Retirees considering enrollment in the Survivor Benefit Plan (SBP) during ongoing open season no longer can receive an official estimate of their “Buy-In Premium” before the Jan. 1 deadline, but new plan details offer some details on possible costs.
These premium amounts vary based on how long a retiree has been out of uniform, as well as what type (spouse or spouse and child) and amount of coverage is requested. An example sheet published last month by the Defense Finance and Accounting Service (DFAS) gives some idea of the significant cost range – a retiree who left service three years ago seeking a base amount of $4,000 in spouse coverage would pay less than $9,000 to enroll, while a retiree out of service for 21 years seeking a base amount of $6,000 in spouse coverage would pay more than $112,000.
The open season is available to retirees who were not enrolled in SBP or Reserve Component Survivor Benefit Plan (RCSBP) as of Dec. 22, 2022, and wish to enroll, and to those who were enrolled in such plans as of that date but want to discontinue coverage.
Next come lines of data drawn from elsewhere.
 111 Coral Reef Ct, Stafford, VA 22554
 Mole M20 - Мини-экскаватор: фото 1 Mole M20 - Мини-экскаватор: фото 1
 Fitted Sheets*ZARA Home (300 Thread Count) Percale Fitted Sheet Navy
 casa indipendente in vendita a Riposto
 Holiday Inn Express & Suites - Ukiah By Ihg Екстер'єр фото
No other plan changes or updates are part of open season.
Survivors of SBP recipients receive 55% of whatever “base amount” of pay is chosen. The Buy-In Premium includes 6.5% of that amount, along with adjustments added to preserve the actuarial soundness of the Military Retiree Fund. This figure differs based on the number of months since retirement.
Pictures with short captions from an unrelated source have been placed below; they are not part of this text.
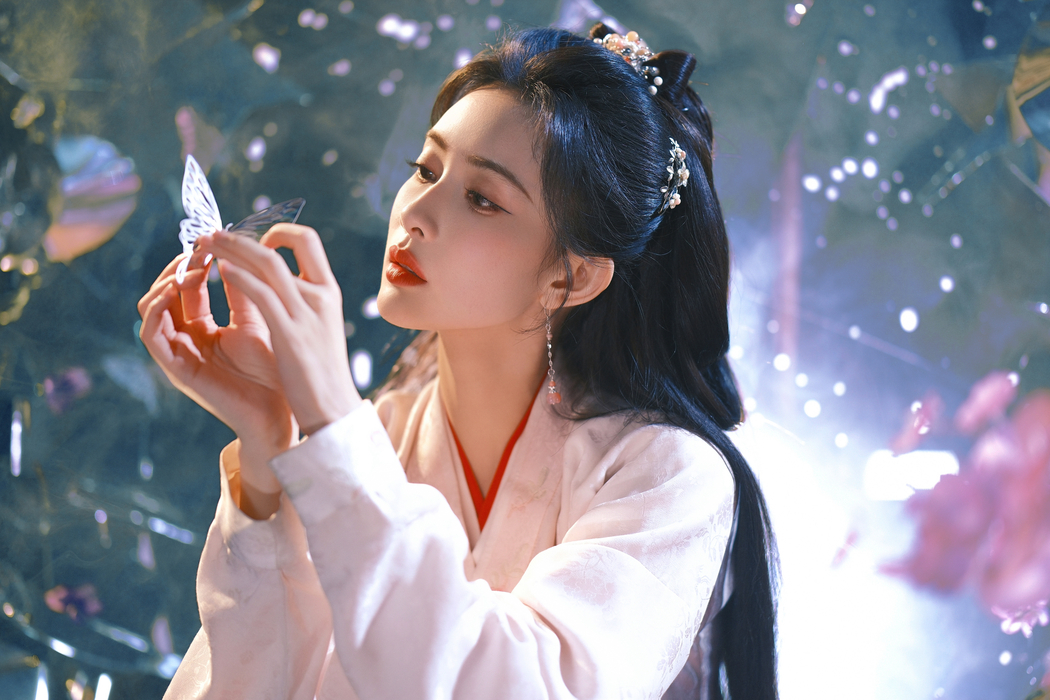 孟子义《九重紫》高清剧照及4K/5K美女壁纸，5500x3667分辨率下载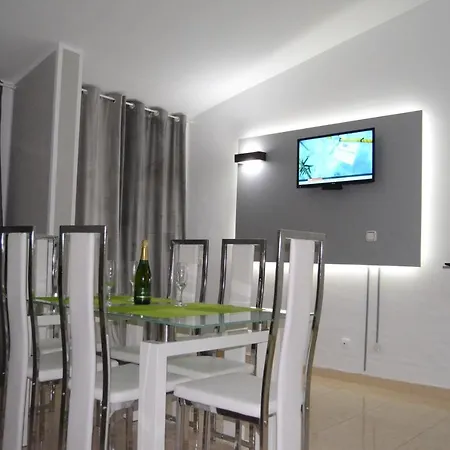 Apartament Island Village Апартаменты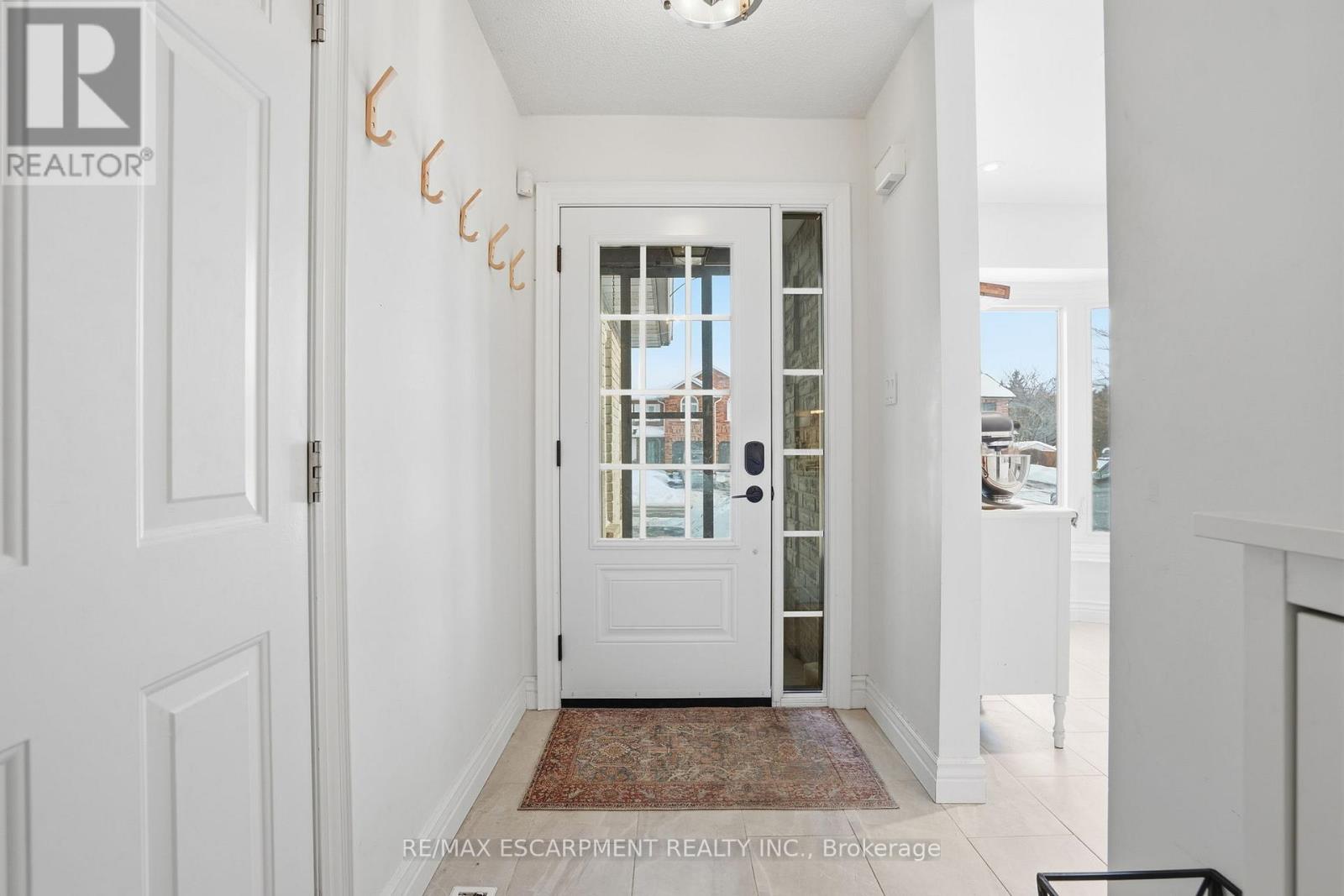 2018 Chrisdon Road, Burlington, Ontario  L7M 3W8 - Photo 3 - W12756586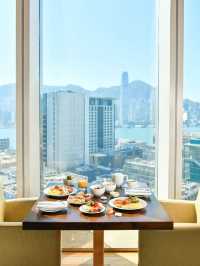 🌟 Hong Kong Hotspot: Hyatt Regency TST's Luxe Comforts 🌃✨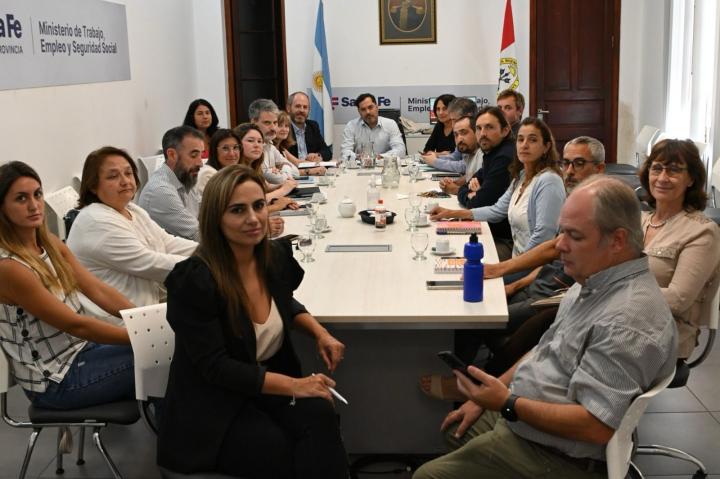 El Gobierno Provincial tuvo un nuevo encuentro paritario con gremios de Salud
For example, someone who retired in June 2018 and wanted to enroll would have a buy-in factor of 57.25. If they wanted to cover their entire retired monthly pay of $4,750, the calculation for their buy-in premium would be: $4,750 x 6.5% x 57.25 = $17,675.94.
Going forward, the monthly SBP premium would be $308.75 ($4,750 x 6.5%). A survivor would get $2,612.50 per month, which is equal to 55% of the base amount.
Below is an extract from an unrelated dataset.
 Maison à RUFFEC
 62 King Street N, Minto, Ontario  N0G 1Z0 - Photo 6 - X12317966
Updated Application Process
When open season began, applicants were asked to request a cost estimate for their specific SBP request from DFAS via a Letter of Intent, which would allow the service to calculate their premium. That request was supposed to take about a month to process, but DFAS later updated their website to say no further letters could be accepted after Nov. 13, and that those received after Nov. 1 may not be answered prior to the enrollment deadline.
Instead of submitting the letter, retirees interested in SBP enrollment must submit an enrollment form and choose a payment method for their Buy-In Premium – a lump sum, 12 equal monthly payments, or a combination of the two – before Jan. 1. Applicants will receive enrollment confirmation from DFAS, along with instructions on how to submit payments, and have 30 days from the date of enrollment to cancel. The cancellation must be in writing and must be received by DFAS within the 30-day window.
The update does not affect deadlines for those seeking to discontinue SBP coverage, which involves only the submission of a discontinuance form to the proper pay agency. While the forms can be submitted by mail, you can also fax materials to DFAS (800-469-6559) or use the askDFAS online upload tool.
The Coast Guard’s Pay and Personnel Center, which processes retiree and survivor payments for the commissioned corps of both the U.S. Public Health Service and NOAA, has a similar enrollment process and has not updated its online guidance. Currently serving Guard and Reserve members should contact their branch of service for information.